Near his childhood home southeast of Brown County State Park, Brown said it was usually late September when the robins came to the dense growth of brush near his home—an area of about 100 acres. Known as red brush and with scrubby oaks that held their leaves until spring, the undergrowth proved a particularly desirable roosting spot for migrating robins. Most of the birds left in October with a few stragglers hanging on until November.
But in 1903 Brown observed what he called a “deluge” of robins descending upon his neighborhood. “They did not come just by the hundreds and thousands,” Brown wrote. “They came by the ten-thousands and hundreds-of-thousands. It is doubtful if ever the number of passenger pigeons in Brown County equaled the number of robins for that year.”
During daytime hours the robins seemed to fan out over the county to feed. But, as evening began to settle in, the birds returned to their own “hundred-acre wood.”
“Some birds came in high in the air,” Brown wrote. “They could scarcely be seen. Others came skimming just above the tree tops. Even after it was too dark to see them, their merry chirps could be heard, as the tardy ones hurried back.”

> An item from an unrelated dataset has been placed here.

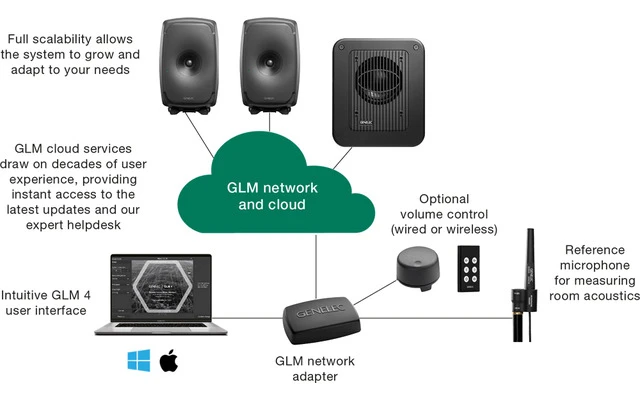 Genelec GLM Set 3.0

In those early years, robins were a source of food for local folks. “Some people said they made pot pies fit for any king, even much better than the blackbirds of old,” Brown wrote. Because of the popular white meat offered by the birds, hunters in surrounding locales found the roosting area and converged on the spot, arriving after traveling several miles by horse and buggy. “The only equipment needed,” Brown said, was an old-fashioned farm lantern and a green stick four or five feet long, somewhat smaller than a broom handle.”
Those birds roosting in the lower parts of the undergrowth were fair game for the whack from the hunter’s stick. At times, Brown observed, there were as many as 30 lanterns that could be seen in the dark. And the whack, whack, whack continued until the hunters had their pockets and arms crammed with the dead birds. Some bragged of having killed 100.
“The constant flying of these birds sounded like a storm in the distance of the noise of a train passing at a distance in the night,” Brown wrote. “Actually at first I did think I heard a storm coming.”
Because of the darkness, many of the dead birds were not found in the fallen autumn leaves. There was no time wasted hunting for a dead bird, when it was so easy to whack another that could be easily picked up. And many of the hunters became lost in the dim lights of their lanterns so they followed a stream bed that would eventually lead out to a highway and a means to get home with their kill.
Game wardens could have had a profitable night rounding up the hunters, but at that time there probably was no law protecting song birds—no robin season.
That was the only year of so many winged visitors. “Why did so many robins come this one year?” Brown questioned. Why did they never come again?
Perhaps the trauma the flock experienced that year led it to find safer roosting places, leading one to give a lot more weight and consideration to the term “bird-brained.”